I would agree with you for Swell, i order most of my equipment from there and its really good quality. Iv used blue lizard for frozen food, not sure about equipment but i got speedy delivery and their prices dont look too bad...no idea on quality though.


----------



## Guest (Aug 13, 2012)

Go a little easier on your local shop, online equipment vendors are pushing them out of business because people who own shops displaying reptiles can't afford to compete due to their overheads.

I know given my business its a little pot, kettle black, but I do like to support local shops when the opportunity arrises


----------



## Jeniva (Mar 17, 2012)

Of course there are some good shops - like Cold Blooded like I said, they were pretty good and have so many reptiles too, I bought my entire leo set up from there.
As for insects I buy them from pets at home just because it's close.

yeah I'm pretty much looking for a beardy set up, probably getting a viv from some one off here but need the stats etc and darn they are pricey! Got my last viv from swell and it was pretty cheap for a brand new one.


----------



## Shellsfeathers&fur (Jan 18, 2009)

Have a look at Surrey Pet Supplies.


----------



## Jeniva (Mar 17, 2012)

Thanks, am comparing everything.


----------



## blood and guts (May 30, 2007)

I love all these sweeping statments of rip of prices, shows a major lack of understanding of how things work. Theres rent, rates, electric, advertising, insurance, license, feeding, equioment, alarm cover, tax, accountants, admin, vat, staff costs, transport and so on befor you even take a wage yourself witch then has to go to pay rent, council tax, electric, gas, water, waste, tv license, car costs, food and so on and on and on.. and all this has to come out of a 40% or so mark up..
Im guessing as you mention cold blooded your in south essex? used to be a large number of shops in the area and now only a hand full because of the over heads and poor sales... infact i can think of 12 that have come and gone in the last 5 years and more that never got of the ground, and those still going are facing hard times.


----------



## Jeniva (Mar 17, 2012)

Way to bite my head off. I do understand shops I've worked in shops before and I know it's a rip off MOST of the time. If it's not then why would some other shops be selling the same product for a LOT less?
Ok EG a pet store near me, is huge, got loads and loads of pet stuff and a small area of reptile stuff (no actual reptiles though). A habistat there, a dimmer one was 69.99 when you could get it in other shops for 40 and online for in the 30's. 
Clearly rip off. 
And obviously people will want to go to cheaper options because it's their money - no their understanding that they're spending.


----------



## wheaty5 (Feb 3, 2008)

blood and guts said:


> I love all these sweeping statments of rip of prices, shows a major lack of understanding of how things work. Theres rent, rates, electric, advertising, insurance, license, feeding, equioment, alarm cover, tax, accountants, admin, vat, staff costs, transport and so on befor you even take a wage yourself witch then has to go to pay rent, council tax, electric, gas, water, waste, tv license, car costs, food and so on and on and on.. and all this has to come out of a 40% or so mark up..
> Im guessing as you mention cold blooded your in south essex? used to be a large number of shops in the area and now only a hand full because of the over heads and poor sales... infact i can think of 12 that have come and gone in the last 5 years and more that never got of the ground, and those still going are facing hard times.


 
I think she meant in comparison to private sellers which is very true. Hence why i only buy equipment, animals etc from such sources myself.
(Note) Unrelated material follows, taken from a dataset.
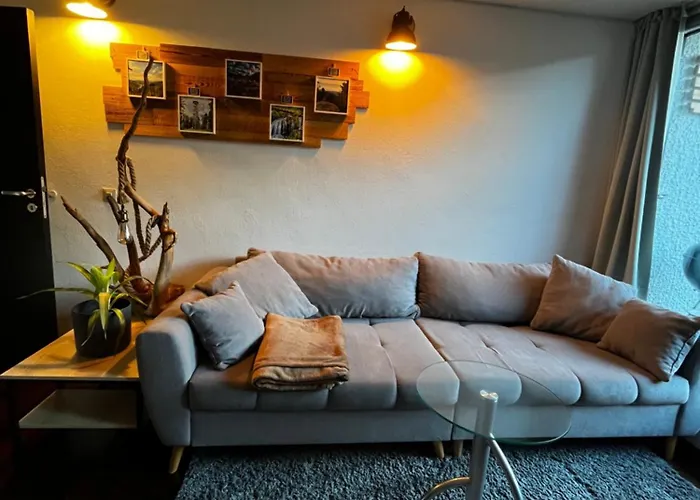 Terrassenwohnung Mit Toller Aussicht & Zentrumsnah Apartman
Totally agree with the statement in the op. 

As with everything it is an opinion which everyone is entitled to one so maybe bear that in mind : victory:


----------



## blood and guts (May 30, 2007)

Jeniva said:


> Way to bite my head off. I do understand shops I've worked in shops before and I know it's a rip off MOST of the time. If it's not then why would some other shops be selling the same product for a LOT less?
> Ok EG a pet store near me, is huge, got loads and loads of pet stuff and a small area of reptile stuff (no actual reptiles though). A habistat there, a dimmer one was 69.99 when you could get it in other shops for 40 and online for in the 30's.
> Clearly rip off.
> And obviously people will want to go to cheaper options because it's their money - no their understanding that they're spending.


Not biting your head off just giving some simple fact as this type of thread comes up a lot and the op often says the same as you, so you worked in a shop but did you deal with the buying, bills and so on?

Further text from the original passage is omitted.